If art fascinates you, you can visit a museum that displays work from the country’s most prominent artists. Or maybe there’s an exhibition by one of your favourite artists at one of the art museums!
If you’re travelling with children, you may want to visit a museum that’s full of interactive activities.
If you’re travelling on a shoestring, then you might want to check out some of the free museums.
If you want to see something that’s a little quirky or different, there may be a small museum in the city that’s unique.
How do I find out about all of these different museums?
If you like to plan your holiday in advance, you can do some online research. This is a great way to see which museums a city has, and which ones are likely to interest you the most.
We’ve already talked in a previous lesson about another source of information that’s great for tourists. That’s right: Tourist Information! The Tourist Information office will have lots of leaflets and brochures about the different museums in the city.
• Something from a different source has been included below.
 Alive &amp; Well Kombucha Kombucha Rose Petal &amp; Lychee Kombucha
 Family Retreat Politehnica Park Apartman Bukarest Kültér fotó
If you have any questions, remember you can ask a tourist information officer to help you. They’ll have lots of great advice for you.
Don’t forget…you can also ask a local for their recommendations. A good question to ask is, “What’s the most interesting museum in the city?” Or, if you’re feeling adventurous, “What’s the most unusual museum here?” You never know what you might find!
Did you know…? In Helsingborg, Sweden, there’s a museum called ‘The Museum of Failure’. It specialises in the worst products that were invented by some of the world’s most successful companies!
Once you’ve made the decision about which museum to visit, there’s some vocabulary that will be useful when you buy your ticket.
Look at the dialogues below and take note of any words that are new or unfamiliar in this context.
A: Good afternoon, would you like an adult ticket?
B: No, thank you. I need a concession ticket.
A: Are you a student?
B: Yes, here’s my student ID.
A: Thank you. That’s £5, please.
B: Here you go. What time does the museum close?
A: The museum closes in one hour. You’re very lucky! Last admission is at 5pm, so you got here just in time.
A: How much does it cost to buy tickets for two adults and two children?
B: Adult tickets are £7 each and £2 each for children.
A: Do you offer any discounts?
B: Yes. A family ticket only costs £15. You will save £3 if you buy a family ticket.
A: That’s perfect, thank you.
A: One adult ticket, please. Does a standard ticket include the Egyptian exhibition?
B: No. The Egyptian exhibition is temporary, so it is not included with a standard ticket.
A: How much extra does it cost?
B: A standard ticket is £5. If you want to see the Egyptian exhibition too, it’s £12.
A: Ah. That’s quite expensive.
B: If you’d rather only see the Egyptian exhibition, then the ticket is £7.
A: That’s perfect. I’ll take a ticket for the Egyptian exhibition, please.